Segment Start: Supplied material

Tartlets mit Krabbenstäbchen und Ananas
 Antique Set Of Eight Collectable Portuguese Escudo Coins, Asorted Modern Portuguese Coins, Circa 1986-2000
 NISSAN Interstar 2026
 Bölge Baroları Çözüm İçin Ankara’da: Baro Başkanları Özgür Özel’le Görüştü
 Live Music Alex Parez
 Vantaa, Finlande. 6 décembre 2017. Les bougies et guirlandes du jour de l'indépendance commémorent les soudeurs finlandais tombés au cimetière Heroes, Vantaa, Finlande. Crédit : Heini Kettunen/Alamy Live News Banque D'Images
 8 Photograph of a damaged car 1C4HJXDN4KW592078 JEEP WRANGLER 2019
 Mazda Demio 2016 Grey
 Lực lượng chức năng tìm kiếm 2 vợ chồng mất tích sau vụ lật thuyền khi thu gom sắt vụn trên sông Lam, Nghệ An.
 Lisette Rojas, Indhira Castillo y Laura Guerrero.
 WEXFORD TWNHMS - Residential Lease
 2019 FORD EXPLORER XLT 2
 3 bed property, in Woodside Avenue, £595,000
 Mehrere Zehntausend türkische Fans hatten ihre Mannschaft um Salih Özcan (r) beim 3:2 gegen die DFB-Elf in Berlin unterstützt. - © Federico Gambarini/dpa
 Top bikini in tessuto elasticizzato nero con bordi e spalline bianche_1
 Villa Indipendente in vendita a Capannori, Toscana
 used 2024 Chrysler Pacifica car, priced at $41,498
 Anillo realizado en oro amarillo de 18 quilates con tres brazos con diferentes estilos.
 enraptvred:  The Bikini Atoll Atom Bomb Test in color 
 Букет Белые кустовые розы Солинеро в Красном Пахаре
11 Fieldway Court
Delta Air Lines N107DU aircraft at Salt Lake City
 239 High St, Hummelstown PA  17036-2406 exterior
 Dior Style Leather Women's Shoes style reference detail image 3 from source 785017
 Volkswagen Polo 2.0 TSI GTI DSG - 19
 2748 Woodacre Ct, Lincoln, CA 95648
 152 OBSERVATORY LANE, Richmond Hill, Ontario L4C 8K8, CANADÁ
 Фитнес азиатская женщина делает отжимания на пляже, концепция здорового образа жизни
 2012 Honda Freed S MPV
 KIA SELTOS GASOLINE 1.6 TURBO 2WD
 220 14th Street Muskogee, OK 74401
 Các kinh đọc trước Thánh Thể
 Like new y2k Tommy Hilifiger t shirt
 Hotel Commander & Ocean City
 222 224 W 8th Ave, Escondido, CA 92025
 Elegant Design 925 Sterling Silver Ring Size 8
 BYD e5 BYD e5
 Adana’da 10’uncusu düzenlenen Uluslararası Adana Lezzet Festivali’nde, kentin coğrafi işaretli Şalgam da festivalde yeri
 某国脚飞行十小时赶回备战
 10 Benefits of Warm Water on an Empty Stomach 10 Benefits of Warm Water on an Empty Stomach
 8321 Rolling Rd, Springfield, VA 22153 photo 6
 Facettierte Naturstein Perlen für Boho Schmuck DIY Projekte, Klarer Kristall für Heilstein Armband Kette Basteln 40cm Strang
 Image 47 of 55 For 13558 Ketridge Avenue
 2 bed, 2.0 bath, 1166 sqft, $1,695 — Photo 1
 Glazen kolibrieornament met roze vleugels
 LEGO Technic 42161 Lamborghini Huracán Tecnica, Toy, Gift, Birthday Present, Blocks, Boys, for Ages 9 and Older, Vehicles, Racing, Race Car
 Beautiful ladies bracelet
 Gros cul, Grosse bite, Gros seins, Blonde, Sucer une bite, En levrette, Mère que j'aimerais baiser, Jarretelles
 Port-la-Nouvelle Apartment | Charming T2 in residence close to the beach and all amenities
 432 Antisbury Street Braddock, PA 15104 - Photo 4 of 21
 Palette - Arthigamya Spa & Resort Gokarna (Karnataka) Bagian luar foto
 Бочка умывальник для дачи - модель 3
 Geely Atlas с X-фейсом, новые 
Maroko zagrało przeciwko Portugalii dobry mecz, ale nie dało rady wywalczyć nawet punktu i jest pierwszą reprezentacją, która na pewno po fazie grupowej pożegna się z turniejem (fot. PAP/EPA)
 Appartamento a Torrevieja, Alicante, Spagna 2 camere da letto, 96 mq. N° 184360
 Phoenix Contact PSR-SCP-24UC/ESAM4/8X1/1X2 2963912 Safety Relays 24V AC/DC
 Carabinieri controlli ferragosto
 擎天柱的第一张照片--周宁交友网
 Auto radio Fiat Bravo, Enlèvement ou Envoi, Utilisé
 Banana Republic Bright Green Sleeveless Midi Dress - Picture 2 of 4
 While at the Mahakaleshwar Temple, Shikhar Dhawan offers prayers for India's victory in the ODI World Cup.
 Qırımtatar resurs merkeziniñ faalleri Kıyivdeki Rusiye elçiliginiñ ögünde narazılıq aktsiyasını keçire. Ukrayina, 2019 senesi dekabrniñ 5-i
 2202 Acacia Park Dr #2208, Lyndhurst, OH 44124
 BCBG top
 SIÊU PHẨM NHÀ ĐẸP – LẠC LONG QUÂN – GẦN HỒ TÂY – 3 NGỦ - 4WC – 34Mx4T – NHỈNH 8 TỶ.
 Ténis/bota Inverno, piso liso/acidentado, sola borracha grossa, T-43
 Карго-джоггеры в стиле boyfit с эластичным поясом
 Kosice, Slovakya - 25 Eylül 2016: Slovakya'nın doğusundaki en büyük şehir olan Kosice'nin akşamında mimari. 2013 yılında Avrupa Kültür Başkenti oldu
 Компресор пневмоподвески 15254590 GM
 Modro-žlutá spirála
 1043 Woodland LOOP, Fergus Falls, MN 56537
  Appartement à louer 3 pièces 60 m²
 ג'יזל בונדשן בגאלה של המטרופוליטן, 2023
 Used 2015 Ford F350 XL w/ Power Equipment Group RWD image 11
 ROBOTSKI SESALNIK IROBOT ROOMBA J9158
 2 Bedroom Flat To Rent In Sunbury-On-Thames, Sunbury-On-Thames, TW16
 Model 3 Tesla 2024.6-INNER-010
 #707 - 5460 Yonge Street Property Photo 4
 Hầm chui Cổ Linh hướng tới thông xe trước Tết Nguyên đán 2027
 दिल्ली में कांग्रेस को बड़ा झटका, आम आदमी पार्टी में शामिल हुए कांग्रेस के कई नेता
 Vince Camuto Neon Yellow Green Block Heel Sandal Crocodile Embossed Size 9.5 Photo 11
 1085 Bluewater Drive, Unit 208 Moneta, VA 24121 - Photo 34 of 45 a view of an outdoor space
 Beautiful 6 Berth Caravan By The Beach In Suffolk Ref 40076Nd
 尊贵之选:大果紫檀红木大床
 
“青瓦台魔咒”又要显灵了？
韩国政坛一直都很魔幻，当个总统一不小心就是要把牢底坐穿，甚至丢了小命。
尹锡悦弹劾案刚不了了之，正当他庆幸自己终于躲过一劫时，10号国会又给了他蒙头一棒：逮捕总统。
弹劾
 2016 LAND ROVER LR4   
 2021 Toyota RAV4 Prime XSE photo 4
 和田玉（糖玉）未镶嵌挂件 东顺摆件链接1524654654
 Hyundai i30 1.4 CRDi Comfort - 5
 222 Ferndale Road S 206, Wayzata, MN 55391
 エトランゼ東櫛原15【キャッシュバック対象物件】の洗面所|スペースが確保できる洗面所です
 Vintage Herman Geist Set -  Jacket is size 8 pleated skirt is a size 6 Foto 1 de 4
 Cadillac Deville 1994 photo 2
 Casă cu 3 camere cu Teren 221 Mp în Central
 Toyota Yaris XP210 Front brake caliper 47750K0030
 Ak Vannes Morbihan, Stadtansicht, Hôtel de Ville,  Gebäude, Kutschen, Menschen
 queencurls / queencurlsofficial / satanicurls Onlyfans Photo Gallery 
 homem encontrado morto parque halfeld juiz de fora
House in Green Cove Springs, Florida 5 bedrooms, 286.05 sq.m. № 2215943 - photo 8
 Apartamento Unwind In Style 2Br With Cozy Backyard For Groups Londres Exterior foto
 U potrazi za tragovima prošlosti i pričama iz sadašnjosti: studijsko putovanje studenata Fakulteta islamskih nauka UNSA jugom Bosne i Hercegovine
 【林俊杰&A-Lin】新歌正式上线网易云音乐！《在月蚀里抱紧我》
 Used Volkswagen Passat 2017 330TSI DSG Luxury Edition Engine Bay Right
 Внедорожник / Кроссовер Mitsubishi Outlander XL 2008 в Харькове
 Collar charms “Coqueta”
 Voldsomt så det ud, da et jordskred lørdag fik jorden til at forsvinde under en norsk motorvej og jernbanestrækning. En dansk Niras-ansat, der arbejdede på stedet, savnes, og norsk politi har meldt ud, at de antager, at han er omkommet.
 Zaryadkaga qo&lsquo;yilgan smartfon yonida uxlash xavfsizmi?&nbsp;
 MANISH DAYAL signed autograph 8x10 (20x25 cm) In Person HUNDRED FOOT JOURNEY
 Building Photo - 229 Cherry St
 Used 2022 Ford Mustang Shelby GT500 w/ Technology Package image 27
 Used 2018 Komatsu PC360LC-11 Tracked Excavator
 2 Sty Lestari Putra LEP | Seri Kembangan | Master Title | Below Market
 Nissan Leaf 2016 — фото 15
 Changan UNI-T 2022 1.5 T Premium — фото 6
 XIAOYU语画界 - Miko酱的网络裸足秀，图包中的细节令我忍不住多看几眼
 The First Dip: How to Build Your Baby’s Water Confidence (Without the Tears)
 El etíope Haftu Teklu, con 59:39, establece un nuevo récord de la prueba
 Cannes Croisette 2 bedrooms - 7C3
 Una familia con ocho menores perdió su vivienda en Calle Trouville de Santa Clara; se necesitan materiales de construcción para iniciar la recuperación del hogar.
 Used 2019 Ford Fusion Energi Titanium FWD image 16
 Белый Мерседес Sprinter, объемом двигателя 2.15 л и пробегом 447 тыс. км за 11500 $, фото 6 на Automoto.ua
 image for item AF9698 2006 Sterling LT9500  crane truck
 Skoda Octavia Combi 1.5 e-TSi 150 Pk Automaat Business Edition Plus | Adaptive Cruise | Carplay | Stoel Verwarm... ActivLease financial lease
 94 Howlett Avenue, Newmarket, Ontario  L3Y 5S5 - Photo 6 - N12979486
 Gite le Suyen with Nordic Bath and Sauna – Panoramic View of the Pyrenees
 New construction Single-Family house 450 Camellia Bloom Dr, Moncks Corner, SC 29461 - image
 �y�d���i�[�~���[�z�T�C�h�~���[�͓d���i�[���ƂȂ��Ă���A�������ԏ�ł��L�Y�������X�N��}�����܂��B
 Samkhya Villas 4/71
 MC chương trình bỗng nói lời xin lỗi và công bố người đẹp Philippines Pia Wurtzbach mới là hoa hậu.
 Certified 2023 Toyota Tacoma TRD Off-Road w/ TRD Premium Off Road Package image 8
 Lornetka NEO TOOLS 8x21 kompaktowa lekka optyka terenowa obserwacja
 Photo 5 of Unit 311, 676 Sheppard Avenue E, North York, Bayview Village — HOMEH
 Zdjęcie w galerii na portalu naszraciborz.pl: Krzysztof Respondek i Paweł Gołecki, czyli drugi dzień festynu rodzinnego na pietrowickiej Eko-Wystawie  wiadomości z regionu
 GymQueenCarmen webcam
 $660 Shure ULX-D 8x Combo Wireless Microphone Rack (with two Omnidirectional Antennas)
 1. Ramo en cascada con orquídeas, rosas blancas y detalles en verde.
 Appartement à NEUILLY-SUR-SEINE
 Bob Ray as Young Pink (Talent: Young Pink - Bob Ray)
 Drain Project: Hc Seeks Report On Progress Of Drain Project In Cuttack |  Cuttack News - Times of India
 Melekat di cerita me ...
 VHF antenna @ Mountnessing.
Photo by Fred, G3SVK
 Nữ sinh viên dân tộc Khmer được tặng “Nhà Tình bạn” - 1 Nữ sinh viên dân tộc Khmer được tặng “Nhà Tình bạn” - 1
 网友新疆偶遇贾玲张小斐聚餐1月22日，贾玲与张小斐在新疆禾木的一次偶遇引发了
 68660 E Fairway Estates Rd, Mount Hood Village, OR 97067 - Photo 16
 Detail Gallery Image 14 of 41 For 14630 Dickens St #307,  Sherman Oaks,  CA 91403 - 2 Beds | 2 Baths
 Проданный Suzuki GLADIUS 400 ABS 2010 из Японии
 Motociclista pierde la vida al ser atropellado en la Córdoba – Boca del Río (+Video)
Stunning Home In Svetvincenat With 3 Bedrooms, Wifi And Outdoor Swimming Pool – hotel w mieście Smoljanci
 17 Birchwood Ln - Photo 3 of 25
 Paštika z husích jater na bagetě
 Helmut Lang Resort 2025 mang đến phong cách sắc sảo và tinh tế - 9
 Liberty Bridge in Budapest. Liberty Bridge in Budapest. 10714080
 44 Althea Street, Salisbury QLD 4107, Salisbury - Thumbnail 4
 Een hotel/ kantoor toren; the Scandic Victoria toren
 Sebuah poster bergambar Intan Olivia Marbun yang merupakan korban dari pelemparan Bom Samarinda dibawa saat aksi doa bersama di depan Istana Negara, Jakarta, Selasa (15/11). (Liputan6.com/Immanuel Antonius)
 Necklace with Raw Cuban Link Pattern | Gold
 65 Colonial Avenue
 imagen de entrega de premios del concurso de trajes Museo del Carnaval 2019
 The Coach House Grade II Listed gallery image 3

Segment End: Supplied material

Show each line from the material above where the string "camere" can be found.

 Appartamento a Torrevieja, Alicante, Spagna 2 camere da letto, 96 mq. N° 184360
 Casă cu 3 camere cu Teren 221 Mp în Central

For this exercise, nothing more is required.